▸ **EXERCISE**: Find the line with "GIRA 134128 E-Säule" in the entries below, then output every line from it down to the line with "Acro, Corinth from", exactly and with no pictures.

▸ **PROVIDED DATA**:
◇ ◇ ◇ ◇ ◇
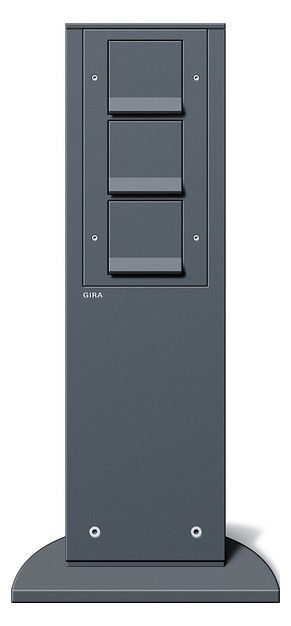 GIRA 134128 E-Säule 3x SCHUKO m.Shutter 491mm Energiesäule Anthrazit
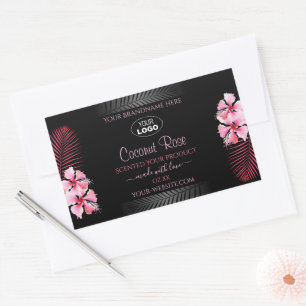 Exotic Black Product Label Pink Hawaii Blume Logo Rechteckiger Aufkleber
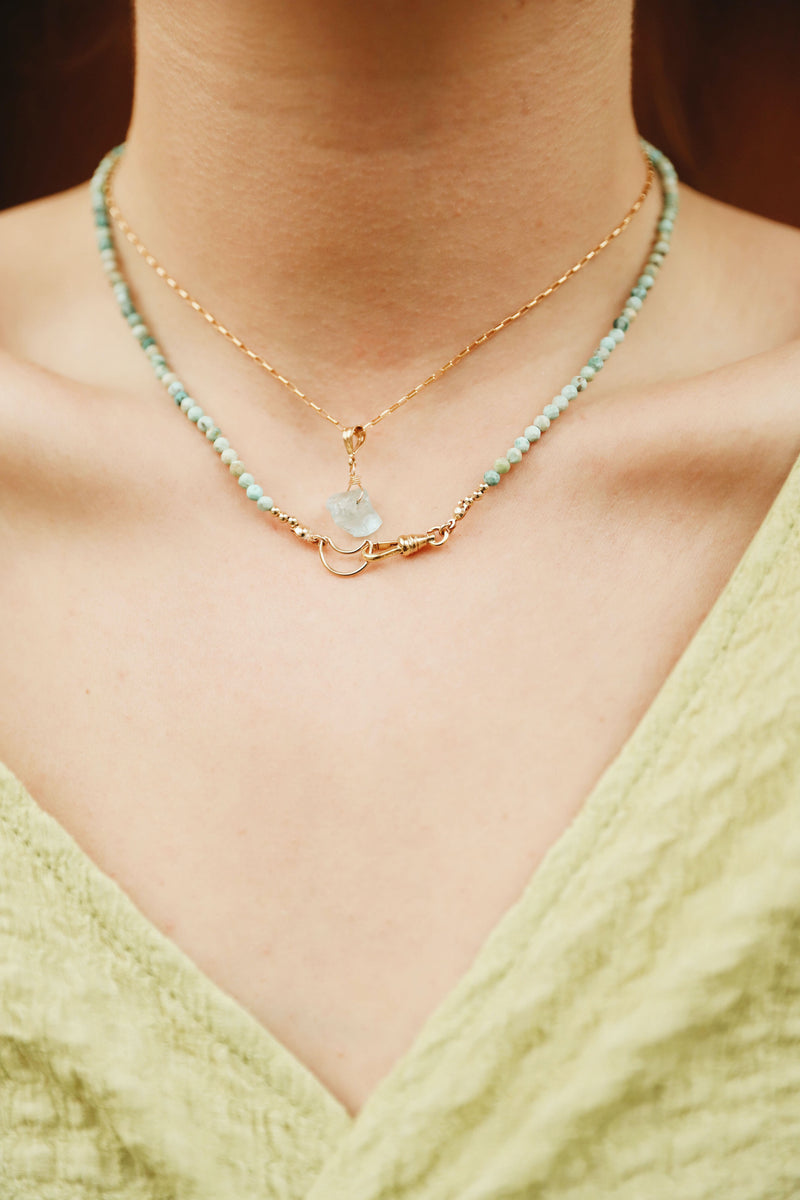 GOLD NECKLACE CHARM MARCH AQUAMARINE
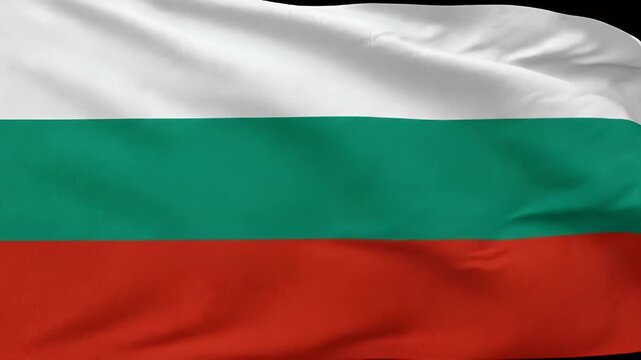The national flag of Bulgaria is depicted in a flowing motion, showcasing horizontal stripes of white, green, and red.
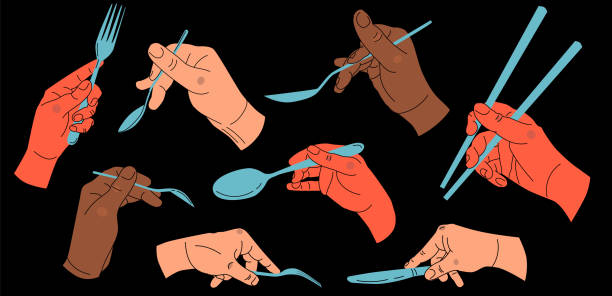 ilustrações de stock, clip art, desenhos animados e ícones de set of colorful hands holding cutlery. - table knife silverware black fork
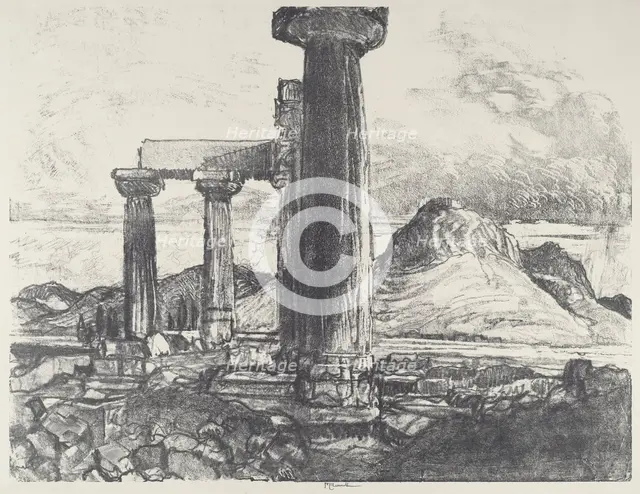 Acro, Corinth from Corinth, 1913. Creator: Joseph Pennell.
◇ ◇ ◇ ◇ ◇
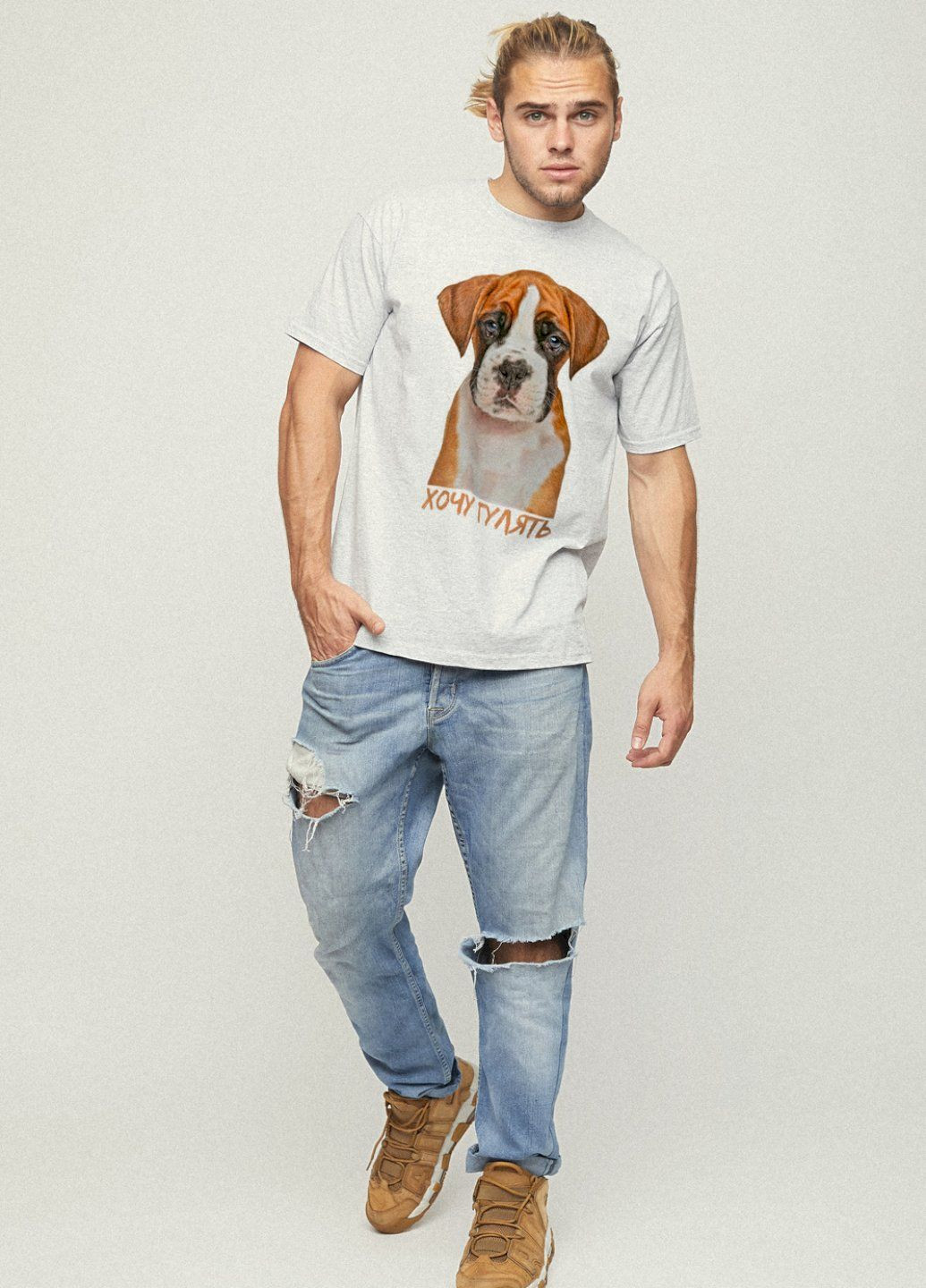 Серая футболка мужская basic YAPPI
◇ ◇ ◇ ◇ ◇
▸ **OUTPUT FOR THIS TASK**:
 GIRA 134128 E-Säule 3x SCHUKO m.Shutter 491mm Energiesäule Anthrazit
 Exotic Black Product Label Pink Hawaii Blume Logo Rechteckiger Aufkleber
 GOLD NECKLACE CHARM MARCH AQUAMARINE
The national flag of Bulgaria is depicted in a flowing motion, showcasing horizontal stripes of white, green, and red.
 ilustrações de stock, clip art, desenhos animados e ícones de set of colorful hands holding cutlery. - table knife silverware black fork
 Acro, Corinth from Corinth, 1913. Creator: Joseph Pennell.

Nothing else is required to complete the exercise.